BEGIN Records supplied

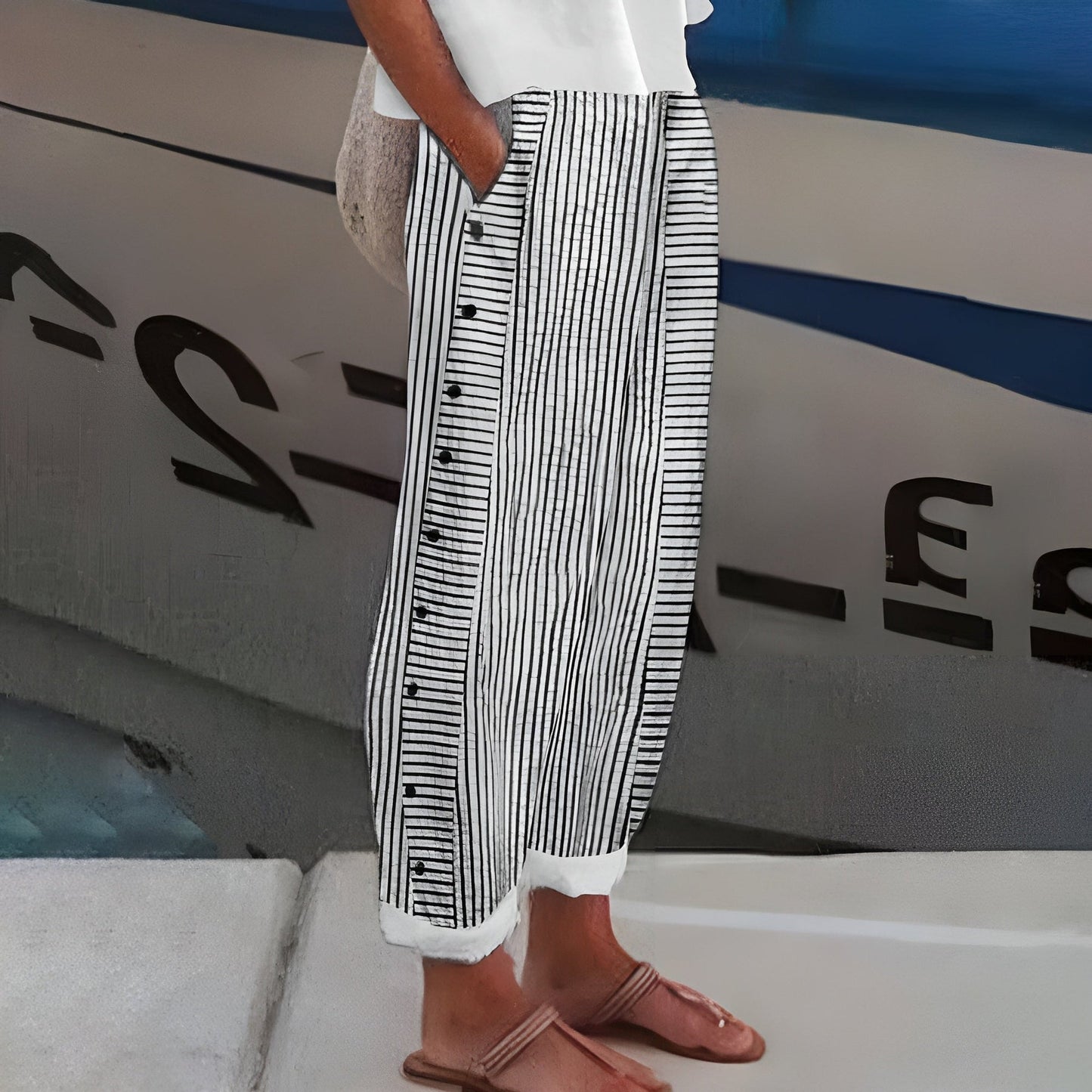 Pantaloni Casual a Righe con Bottoni da Donna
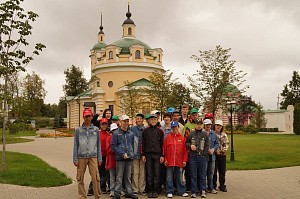 Воспитанники детского дома-интерната № 15 Москвы посетили  Борисоглебский Аносин монастырь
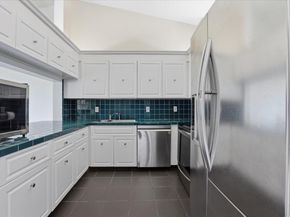 208 Lincoln Ct 208, Deerfield Beach FL 33442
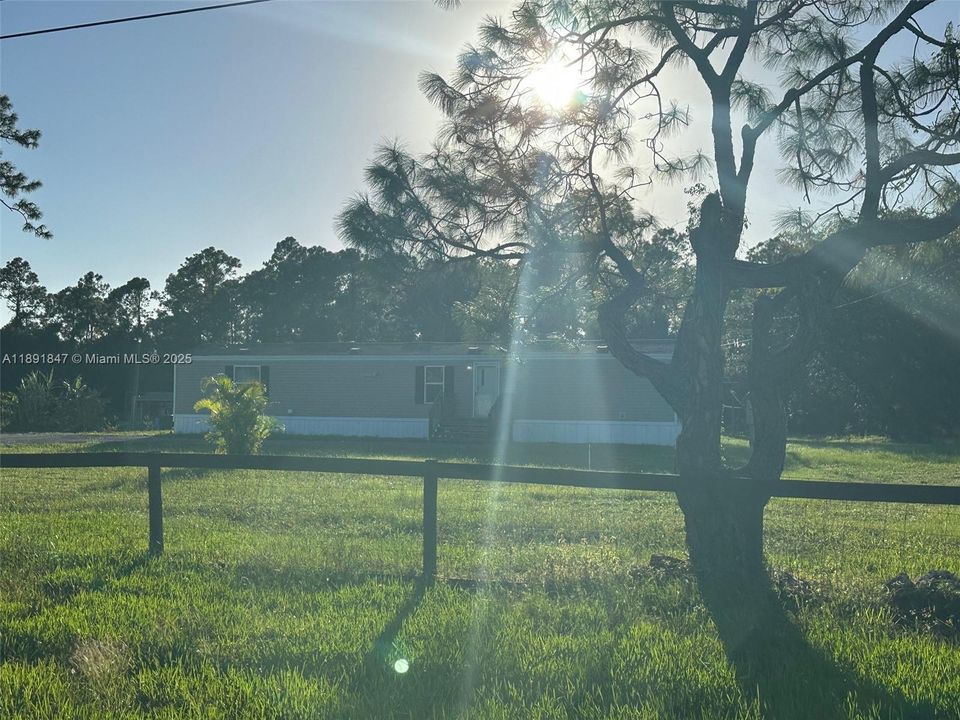 For Sale: $290,000 (3 beds, 2 baths, 924 Square Feet)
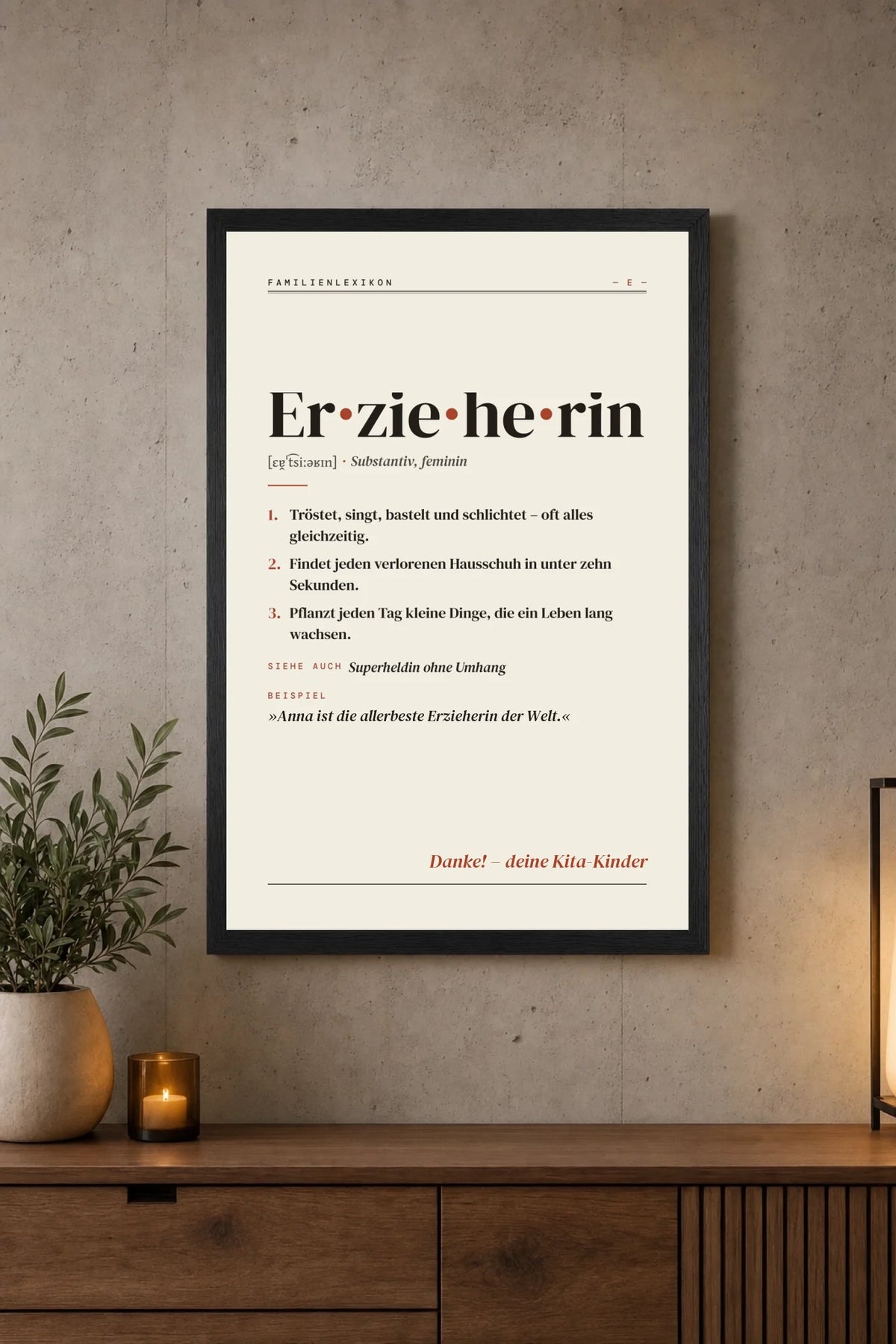 Erzieherin Definition Poster an der Wand über dem Sideboard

END Records supplied

Exercise instructions
Pictures are to be left out; please print the rest of the records above word for word.

Task result
 Pantaloni Casual a Righe con Bottoni da Donna
 Воспитанники детского дома-интерната № 15 Москвы посетили  Борисоглебский Аносин монастырь
 208 Lincoln Ct 208, Deerfield Beach FL 33442
 For Sale: $290,000 (3 beds, 2 baths, 924 Square Feet)
 Erzieherin Definition Poster an der Wand über dem Sideboard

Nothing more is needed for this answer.